▶ _Exercise goal_
Your answer should hold only the lines from the one containing "Volkswagen Sharan bild 24" through the last line below, copied exactly; pictures stay out.

═══

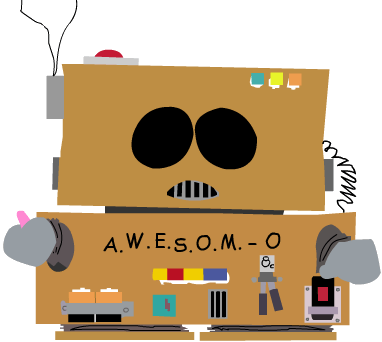 A.W.E.S.O.M. - O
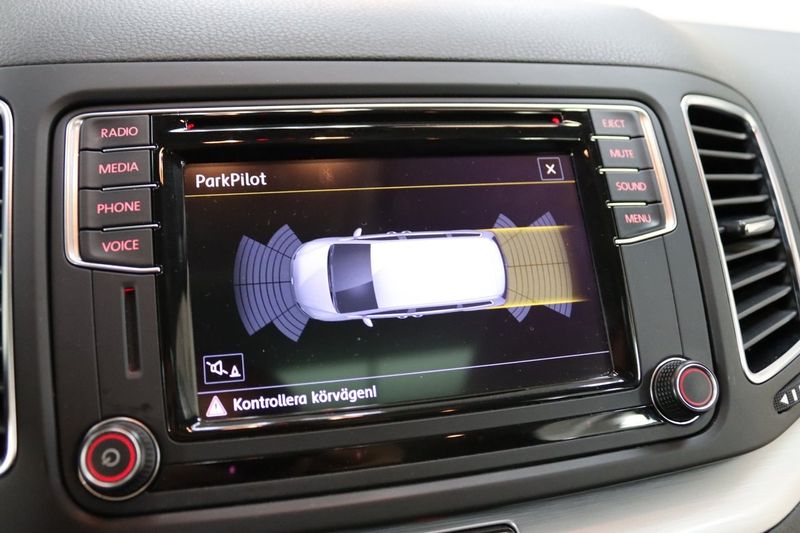 Volkswagen Sharan bild 24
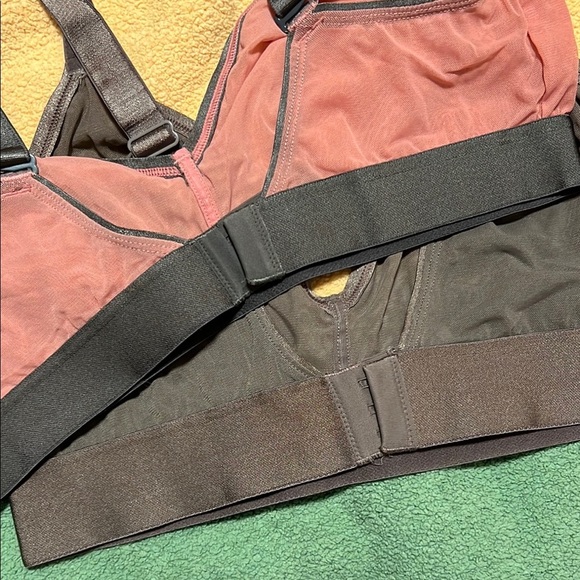 Parade | Silky Mesh Triangle Bralette Bundle - Picture 4 of 9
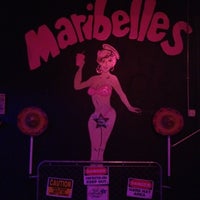 Photo taken at Maribelle&amp;#39;s Bar by Chris A. on 7/31/2012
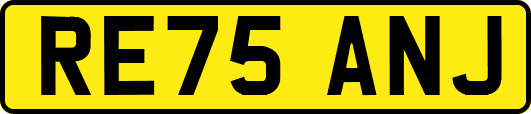 RE75ANJ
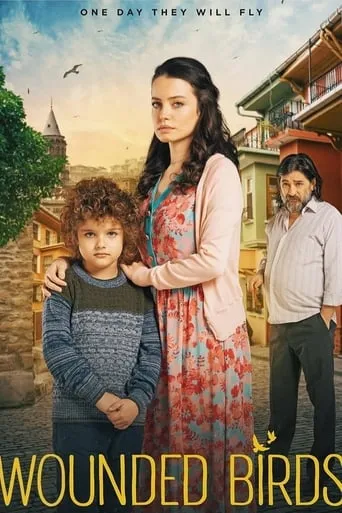 Wounded Birds TV series poster - Rated 7.1/10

═══

▶ _Exercise answer_
 Volkswagen Sharan bild 24
 Parade | Silky Mesh Triangle Bralette Bundle - Picture 4 of 9
 Photo taken at Maribelle&amp;#39;s Bar by Chris A. on 7/31/2012
 RE75ANJ
 Wounded Birds TV series poster - Rated 7.1/10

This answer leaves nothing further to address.